Le 3 mai dernier, le Ministère du Travail publiait son Protocole national de déconfinement pour les entreprises, en complément des 48 guides métiers déjà mis à disposition par les différentes fédérations professionnelles. Chaque branche s’est depuis saisie de cet outil pour adapter ces préconisations aux métiers et aux spécificités des terrains professionnels. La branche du Conseil n’est naturellement pas en reste, et nous nous efforçons depuis maintenant 3 semaines d’envisager la reprise de nos activités dans nos locaux.

Une reprise progressive 

Soucieux de respecter autant que possible les recommandations sanitaires, nous maintenons le télétravail de notre équipe à 100% jusqu’à fin mai, et une rotation des plannings des collaborateurs sera établie pour un retour au bureau à partir du mois de juin. Le besoin se fait sentir d’une reprise rapide et les missions ouvertes ces derniers jours concernent des recrutements urgents, suspendus un temps mais toujours indispensables. L’objectif de ce retour au bureau n’est toutefois pas de retrouver le même rythme qu’avant, en systématisant les entretiens en présentiel. Il s’agit d’abord de donner la possibilité aux candidats « shortlistés », arrivés en fin de process, de valider les étapes franchies jusque-là et de pouvoir rencontrer le client.

Les entretiens en visio seront donc maintenus dans une très large proportion afin de limiter les déplacements. Les entretiens de fin de processus et chez les clients sont quant à eux possibles en présentiel, car ils sont nécessaires pour valider la poursuite du process ou la finalisation d’un recrutement. Des mesures sanitaires sont naturellement mises en place pour reprendre le chemin du bureau et accueillir les candidats dans les meilleures conditions.*

« Cette reprise a quand-même un goût d’entre-deux assez désagréable », explique Mathieu. « On maintient le télétravail parce qu’on sait que c’est la règle et qu’on le peut, mais c’est très inconfortable parce qu’il faut jongler entre des contraintes familiales toujours réelles, les contraintes organisationnelles d’un retour au bureau en fonction des possibilités de chacun et les contraintes des clients, qui reviennent vers nous avec de réelles attentes et des plannings tout aussi compliqués. On est naturellement très heureux de voir l’activité du cabinet se poursuivre, mais on ressent un sentiment d’urgence dans les échanges avec nos clients, en plus d’un contexte global qui reste très anxiogène. »
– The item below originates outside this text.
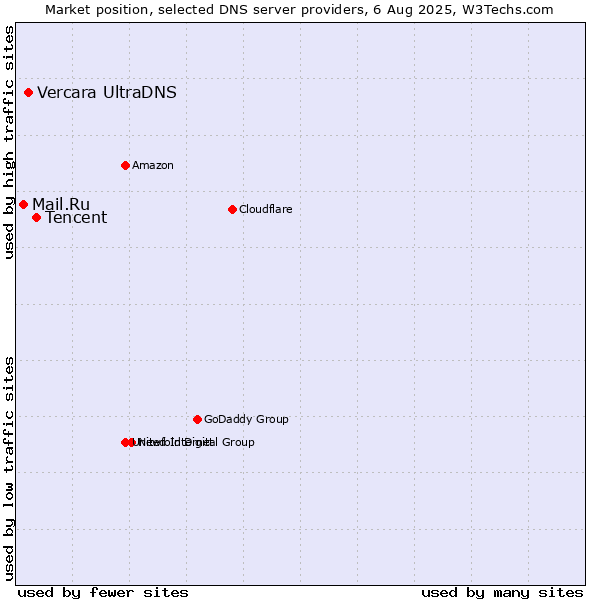 Market position of Tencent vs. Vercara UltraDNS vs. Mail.Ru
« Nous pensons que la réponse est forcément à trouver dans l’humain », ajoute Julien, « et c’est pourquoi on ne peut pas repousser indéfiniment le retour au bureau. Les collaborateurs ont besoin de se retrouver, de recréer du collectif et de reprendre un rythme pro-perso sans la frustration d’être à moitié partout. On l’a vu très vite entre associés : on a avancé sur énormément de sujets de fond durant ces semaines de confinement en s’appelant plusieurs fois par jour, mais il a fallu qu’on se retrouve en face-à-face pour mettre un point final à ces échanges et pour pouvoir se dire qu’on avait traité les sujets ». « Par ailleurs, même si c’est en demi-équipe et en décalé, pour beaucoup la perspective de revenir sur le lieu de travail est un vrai bol d’air après ces longues semaines de confinement en famille ! », renchérit Mathieu.
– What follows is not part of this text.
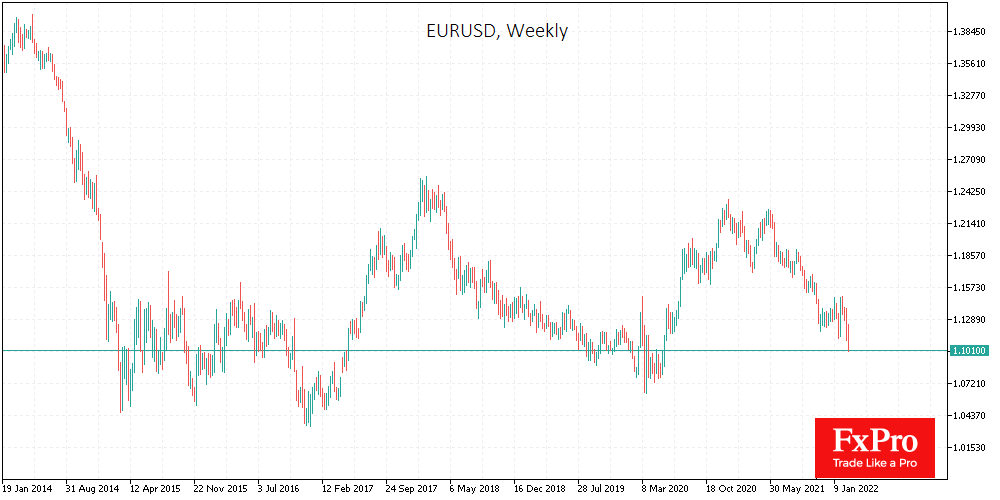 EUR/USD weekly price chart.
Des limites finalement pas si virtuelles

Si notre processus de recrutement est en grande partie digitalisé et si nous avons les moyens de poursuivre notre activité à distance, soyons réalistes :  on ne recrute pas son futur DAF sur la base d’un entretien Skype. On recrute non seulement des profils mais aussi une personnalité, et l’entretien en visio nous prive d’un certain nombre de signaux non-verbaux mais néanmoins essentiels à l’évaluation d’un candidat (la posture, le regard, les réactions en situation…). Mais, en attendant de pouvoir organiser des entretiens en chair et en os, et parce que le virtuel reste encore la règle, il faut bien avancer !

Certains de nos collaborateurs ont ainsi exploré cet étonnant paradoxe de pouvoir entrer dans l’intimité des candidats, mais de ne pas parvenir à cerner leur personnalité, leur relief. « La visio ne sied pas à tout le monde ! C’est d’autant plus frustrant quand on sent que la personne correspond au profil recherché et pourrait révéler tout son potentiel lors d’un entretien physique. Dans ces cas-là, au moment d’organiser l’entretien virtuel avec le client pour valider la poursuite du process, on se demande si c’est vraiment souhaitable pour le candidat ou s’il ne vaudrait pas mieux attendre… », ajoute Aude.

Dans ces cas-là, on mise tout sur les quelques conseils qu’on peut donner à nos shortlistés : préparez ces entretiens virtuels comme n’importe quel entretien professionnel, testez votre matériel et les différentes plateformes de visio proposées. Si les conditions de l’échange ne sont pas optimales, si votre chat vous saute sur les genoux ou si votre machine à laver passe en cycle essorage, c’est l’occasion de dédramatiser un peu l’échange, et de révéler cette part de vous-même qui vient compléter votre CV. C’est d’ailleurs là le second paradoxe révélé par cette crise sanitaire : les rapports sont moins protocolaires, plus libres, et donc souvent plus directs. Quelque part, l’éloignement créé plus de proximité.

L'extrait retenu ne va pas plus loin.